The Christian crusaders have invaded the territory of the Saracen king Idreno. With the help of his niece Armida, he looks for ways of averting the knights’ attack on Damascus and the royal palace. In the throne room of Idreno, the crusader Rinaldo, who has fallen under the spell of Armida and who is staying at the court of Idreno, offers himself voluntarily as a general against his fellow believers.
After Rinaldo’s departure, Idreno is so pleased with this offer that he makes two promises to Armida that if he actually wins, he will marry her to Rinaldo and also make Rinaldo heir to his kingdom. Alone, Armida, believing her heart to be divided between duty and love, pleads with the gods to allow her beloved Rinaldo to return unharmed from the battle.

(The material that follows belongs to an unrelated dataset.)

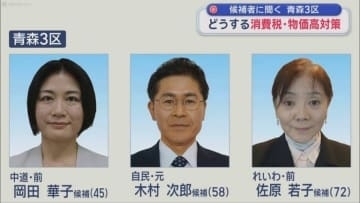 候補者に聞く　青森3区　どうする消費税・物価高対策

A company of soldiers, led by Ubaldo and Clotarco, are on separate paths to Armida’s castle to free Rinaldo from her power. Clotarco encounters Zelmira, a daughter of the Sultan of Egypt, who has been persuaded by Armida and Idreno to hurry towards the Christian force, beguile the leaders with her charms, and then kill them. When she faces Clotarco, it’s all over for her: love inflames her heart and Cupid’s arrow also hits the captain, and they both forget their assignments and Clotarco willingly follows Zelmira to the castle.
Meanwhile, Idreno learns from Armida that the fighting has not brought about the desired success. Both know about Ubaldo and the other intruders, but Armida advises Idreno to give them a friendly welcome in order to gain time.
After that, Armida encounters Rinaldo alone and confesses to him that she is afraid of the forthcoming battle. Above all, she fears that his own people will recognise him as an enemy and kill him. Armida therefore asks Rinaldo to avoid the Christians. While Rinaldo contemplates Armida’s wish alone, Ubaldo appears and accuses his comrade in arms of betrayal. Rinaldo, surprised at first, quickly develops feelings of guilt. Ubaldo leaves the scene hoping to have turned Ronaldo. Tormented by insecurity, Rinaldo wants to flee, but Armida stops him at the last moment and appeals to his conscience, accusing him of infidelity and treason.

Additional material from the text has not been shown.